Alert... Two Bad Radioactive Waste Bills in the Texas Legislature
From Karen Hadden, Director, Sustainable Energy
& Economic Development (SEED) Coalition
Adrian Shelley, Director, Public Citizen
Former State Rep. Lon Burnam
and Tom "Smitty" Smith
Help HALT Two Bad Radioactive Waste Bills!
Rep. Landgraf's HB 2269
Tuesday, March 26
Environmental Regulation Committee
Texas Capitol, Room E1.026 at 10:30 AM or upon adjournment of the House
Sen. Seliger's SB 1021
Wednesday, March 27
Natural Resources & Economic Development Committee - Texas Capitol, Room E1.012 at 9 AM
What these bad bills do:
* Gets WCS out of paying the State of Texas 5% of their revenues, as currently required. WHY? They paid $48 million for 2012 - 2016. Our state should not give up this much needed revenue, especially when WCS has a lucrative nuclear reactor decommissioning project in the works. This equates to an unnecessary bailout, at the expense of Texas taxpayers.
* Increase the amount of curies the site can accept; which means more radioactivity
* Requires expansion of the disposal site if capacity reaches 80%. They're already licensed and able to do this. So why do they want a
to do so? Will WCS later claim they can't afford to expand and get taxpayers to pay for the
required expansion? The first pit (Phase 1) has used only 25% of capacity and overall site has used less than 2% of capacity.
* Increase the volume of radioactive waste likely to be imported - by removing the 30% cap on of imports of out-of-compact (other than Vermont and Texas) waste and allows disposal rate changes to favor more imports.
WCS has repeatedly pressured the Legislature to allow expansion of their radioactive waste empire, session after session. They're back...
These two bad bills
are coming up in the Texas House and the Senate this week. Come register against the bills. Speak if you can! Send emails and make calls as well...
The first rule of holes is... When you're in one, stop digging.
The two bills read the same - they're companion bills.
Please call these offices and ask Legislators to vote against these bills.
Ask Representatives to vote against HB 2269
Ask Senators to vote against 1021
Urge legislators to Vote NO in order to...
Protect the health and safety of Texans and the financial well-being of our state by not expanding the amount of radioactive waste coming into our state. Insist that WCS pay the state the required 5% of revenues, not get out of paying millions. The company has struggled financially.
The first rule of holes is... When you're in one, stop digging
Environmental Regulation Committee:
(author of the good bill)
Senate Natural Resources and Economic Development Committee
Brian Birdwell, Chair (R-Granbury) 512.463.0122, (Co-sponsor of bad Seliger bill)
Kelly Hancock (R-North Richland Hills)
(author of the good bill)
Talking Points / Background
Waste Control Specialists (WCS) operates a low-level radioactive waste dump in Andrews County, Texas, at a site owned by the State of Texas. The waste buried at the Compact Facility there includes everything but the used fuel rods from nuclear reactors.

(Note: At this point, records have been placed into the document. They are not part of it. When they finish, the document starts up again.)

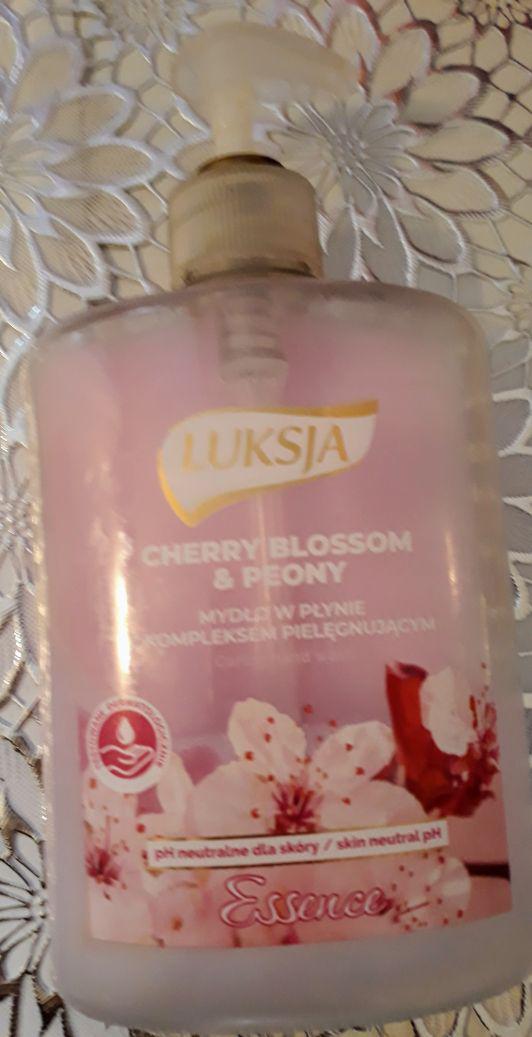 Luksja Mydło pielęgnacyjne cherry blossom&peony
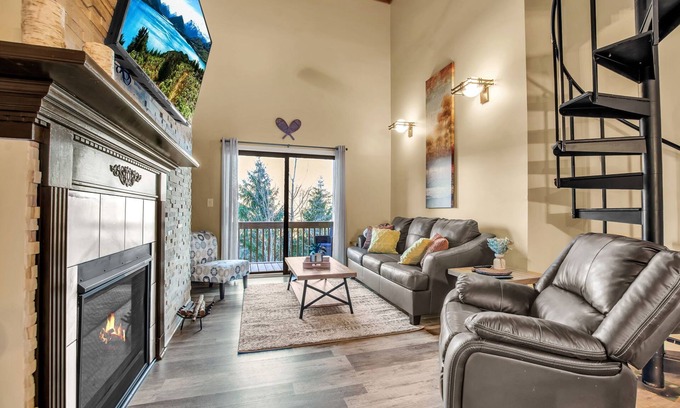 Great Valley Copropriété | Ski In / Ski Out Remolded Condo on Holiday Valley Resort!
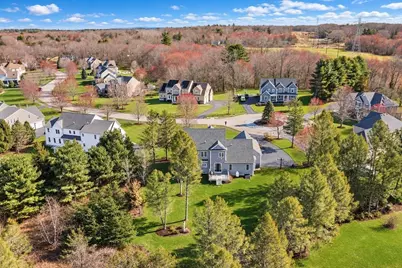 14 Iarussi Way, Medway, MA 02053 - Photo 39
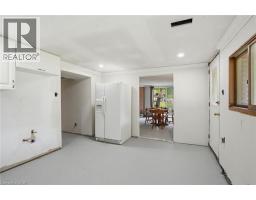 318 FREELTON Road - 33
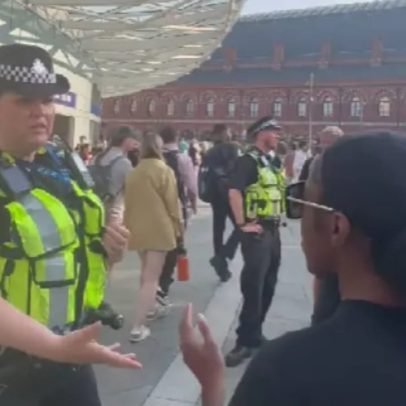 Policial tenta silenciar pregadora em Londres durante manifestação religiosa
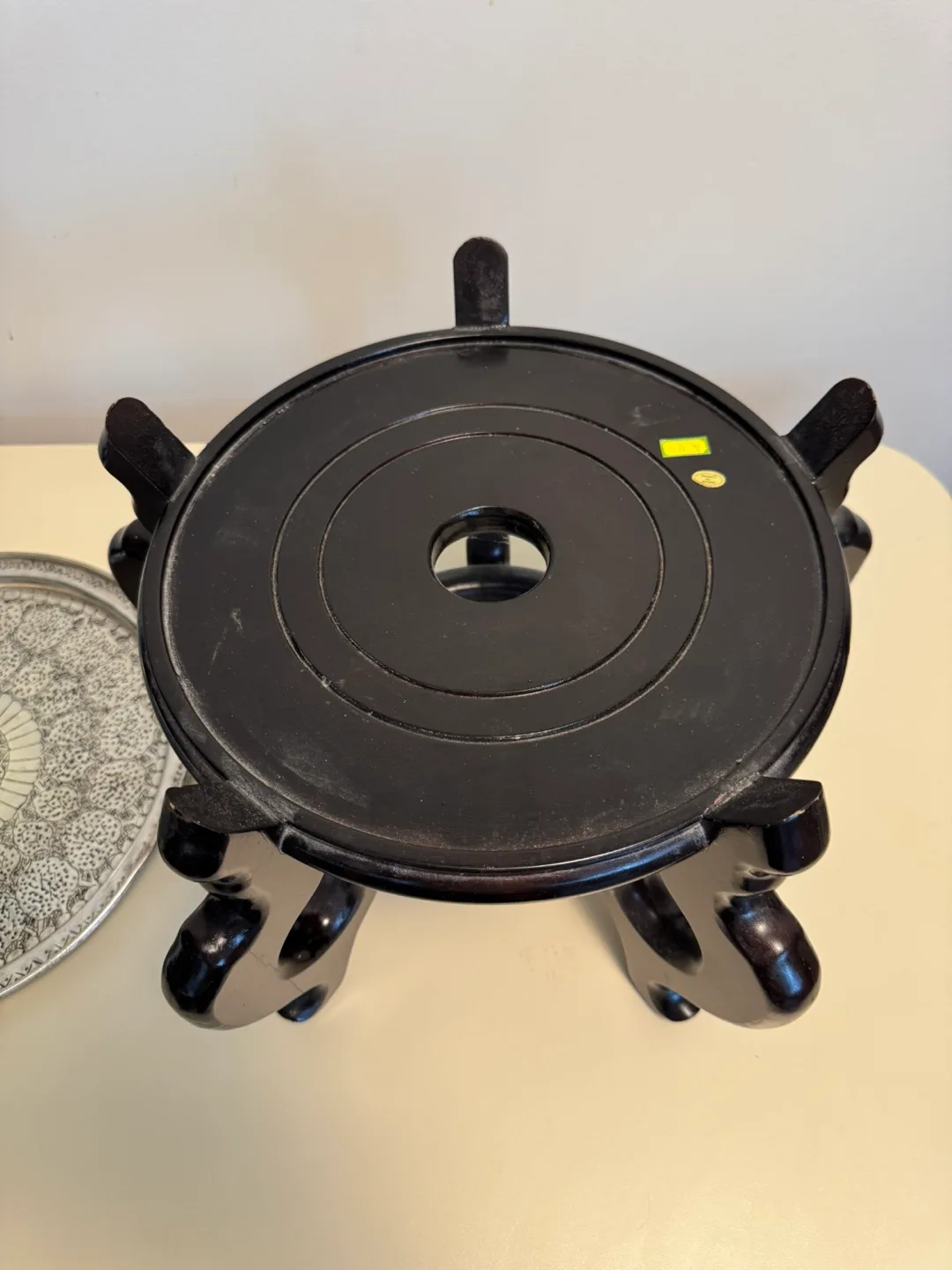 Handicraft engraved silver plate decorative tray & wooden stand image indicator(3)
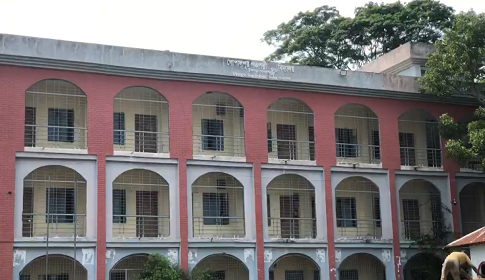 টুঙ্গিপাড়ায় বিদ্যালয়ের ফ্যান জানালা বিনামূল্যের বই ও খাতা বিক্রির অভিযোগ 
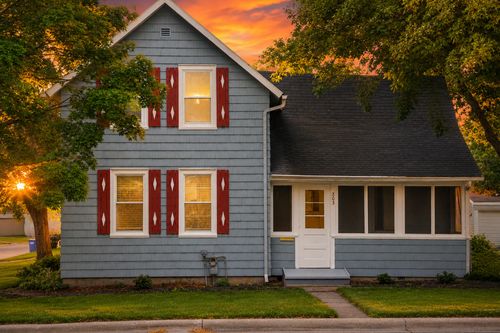 303 Willow St, Faribault, MN, 55021-6244 | Card Image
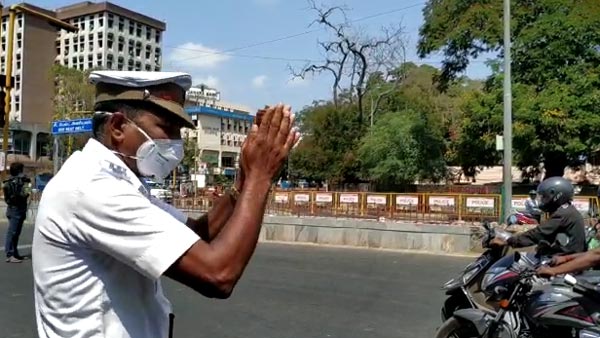 வாகனங்களுக்கு பெயிண்ட் அடித்து பழகும் போலீஸார்.. சேலம் காவல்துறையின் குசும்பு..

The bills are "gateway bills." WCS always seems to want more. They've applied to the Nuclear Regulatory Commission for a license to import 40,000 tons of most dangerous radioactive waste of all, the spent fuel rods from nuclear reactors around the country, which would be transported across Texas and stored above ground at WCS for decades.

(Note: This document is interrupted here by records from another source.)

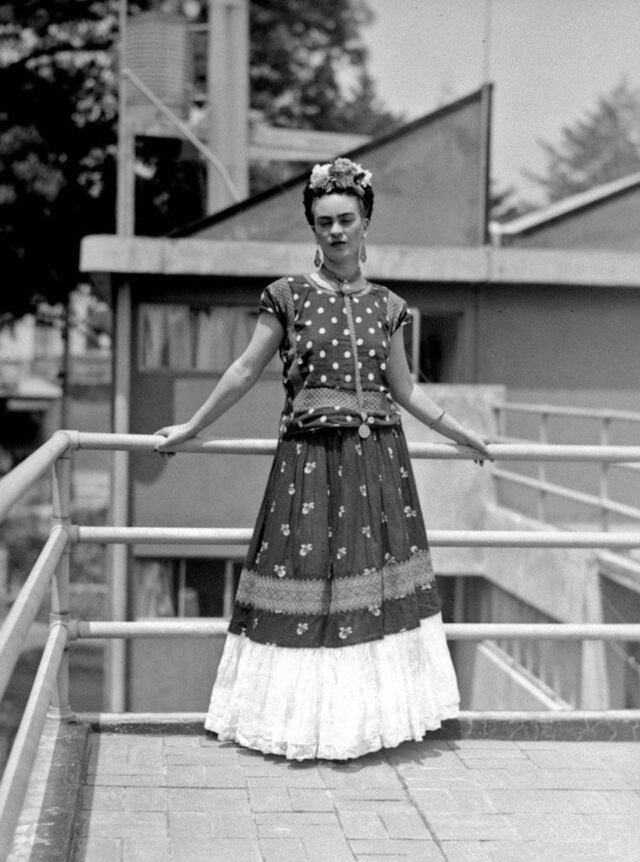 Prohíben ventas de Barbies tipo “Frida”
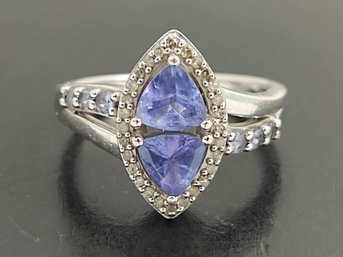 STUNNING STERLING SILVER TANZANITE RING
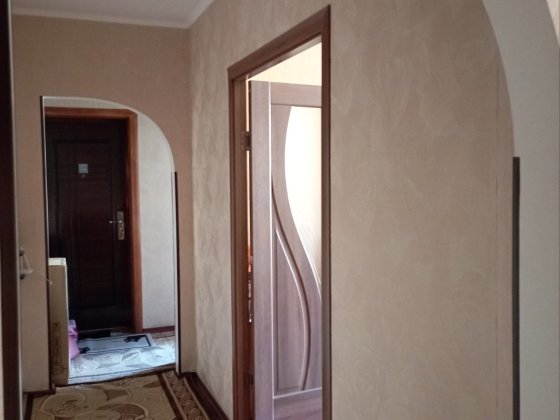 Продам 3-ком Левый Берег 5этаж мебель и техника, без долгов. Срочно Каменское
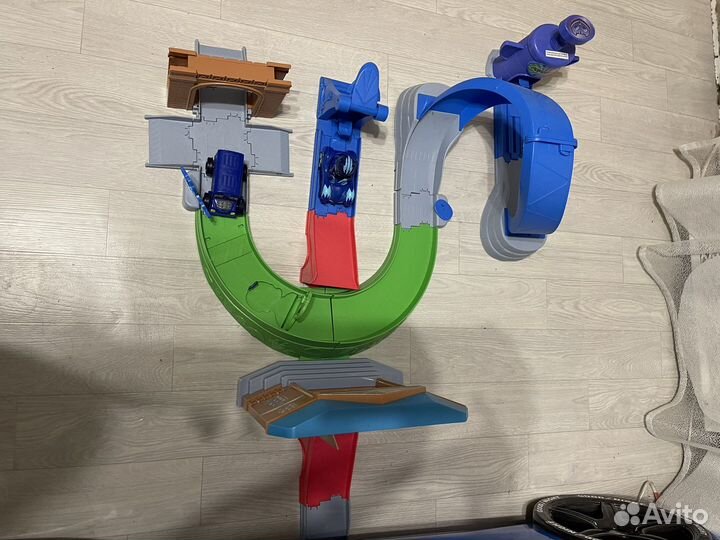 Трек Герои в масках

The legal case is underway now.
Legislators should vote no on this bill, and oppose the requiring of an additional unnecessary and expensive pit, which could worsen WCS' previous financial woes and put the State of Texas at increased risk.

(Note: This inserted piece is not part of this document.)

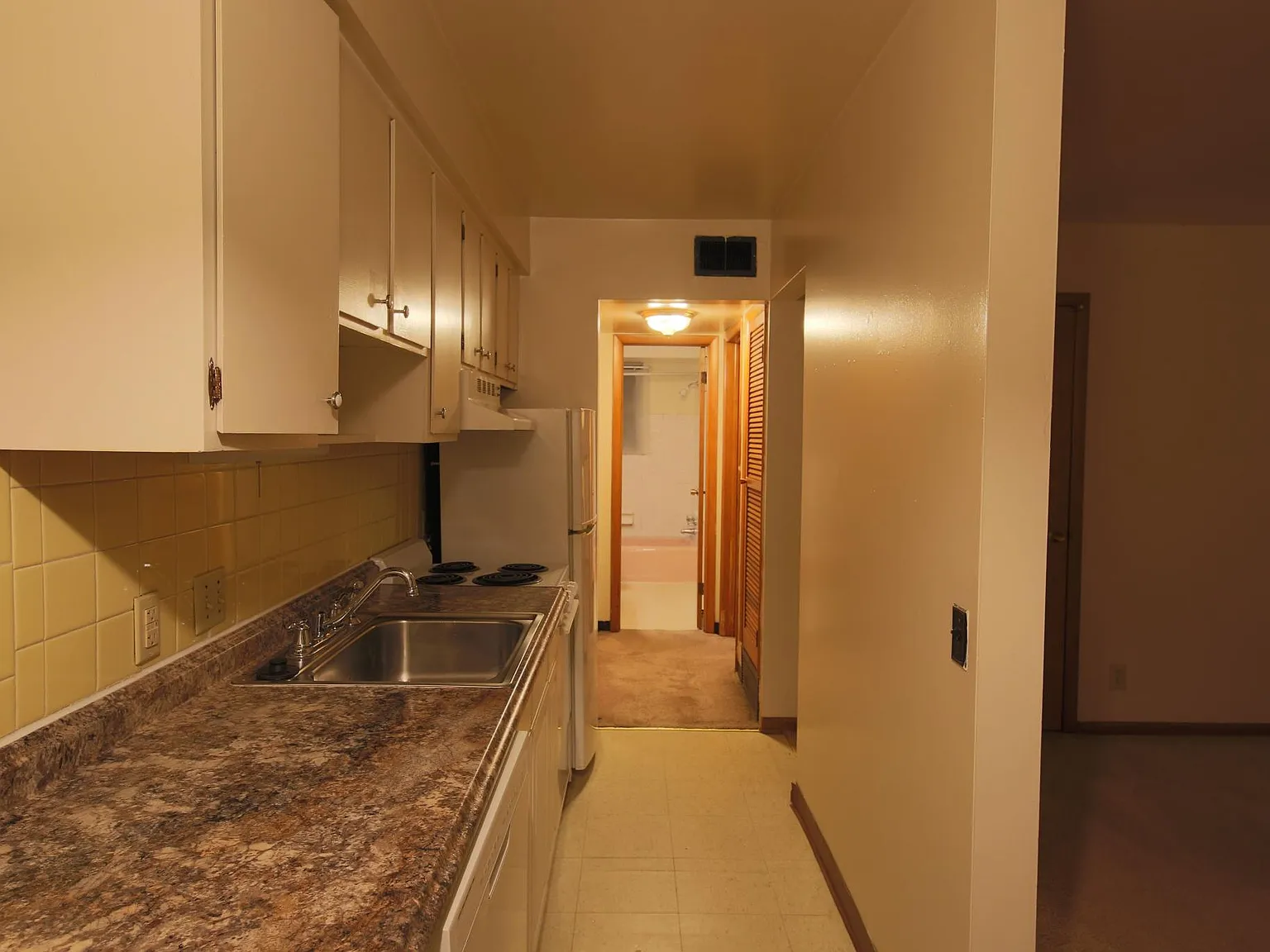 1 bed, 520 sqft, $800 — Photo 3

* Texas may have to take over the radioactive waste site operation or pursue closure at some point if the operator goes bankrupt or walks away from the project. Should we go back to limiting the site to just Texas and Vermont, and push for closure afterwards?
Limiting the waste coming in to Texas would help limit liability. It makes sense to limit, not expand, the importation of radioactive waste.
* WCS has a history of repeatedly pressuring the Legislature to allow expansion of their radioactive waste empire. They expanded from taking waste from two states to importing it from reactors across the whole country. Then they sought and got increases in the amount of waste they can accept and the curie limit. Every session WCS' claimed that their latest demand would ensure financial success, but it hasn't worked yet.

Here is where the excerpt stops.